I suppose in truth, I can, and that in itself is probably fairly cross-platform (although I'll stick with x86 for the moment and get that working).  Sometimes the simple solution eludes me!  Is there anything I need to take into account when it comes to range checking (that is, if a third party tries to compile a unit with range checking enabled), since "numerator * $AAAAAAAB" when constrained to 32 bits will almost always overflow?

Gareth aka.
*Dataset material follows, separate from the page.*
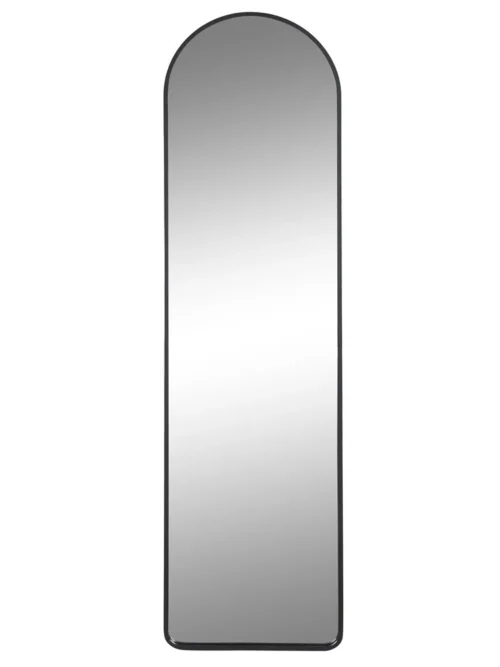 ARCH SLIM, ESPELHO FERRO 150X40X2 CM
Kit

On 10/09/2021 20:53, Florian Klämpfl via fpc-devel wrote:
Am 10.09.21 um 21:17 schrieb J. Gareth Moreton via fpc-devel:
Hi everyone,

I'm looking at ways to optimise div and mod, starting with x86 and then probably AArch64.  The obvious one is attempting to merge "Q := N div D; R := N mod D;", where D is a variable (but invariant between the two instructions), since DIV returns the quotient in R/EAX and the remainder in R/EDX in a single operation, or converting the latter equation to "R := N - (Q * D);" if D is a constant.
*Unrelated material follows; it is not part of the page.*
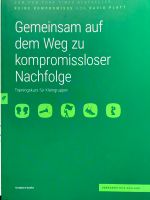 Gemeinsam auf dem Weg zu kompromissloser Nachfolge David Platt Baden-Württemberg - Weingarten Vorschau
However, inspired somewhat by "Hacker's Delight", I would like to first see if I can optimise the Boolean condition "(X mod C) = 0", where C is a constant.  By calculating the multiplicative reciprocal of C (it may or may not be equal to the 'magic div' constant), you can perform it with just a multiplication and a comparison - for example, when dividing by 3 and returning the remainder:

mov (numerator),%reg1
mov $AAAAAAAB,%reg2 { 3 * $AAAAAAAB = 1 (mod 2^32) }
imul %reg1,%reg2
cmp $55555555,%reg2 { 2^32 div 3 = $55555555 }

If %reg2 is less than or equal to $55555555, then the numerator is an exact multiple of 3, and if it's greater, then it is not an exact multiple.  The proof for this is explained in Hacker's Delight, but relies on the fact that 3 and 2^32 are relatively prime and the exact multiples of 3 multiplied by 3's reciprocal modulo 2^32 map onto the values 0 to $55555555 (if the divisor is even, which means it's not relatively prime to 2^32, you have to do a bit of trickery with a bit rotation, but done properly, it's only 1 extra instruction).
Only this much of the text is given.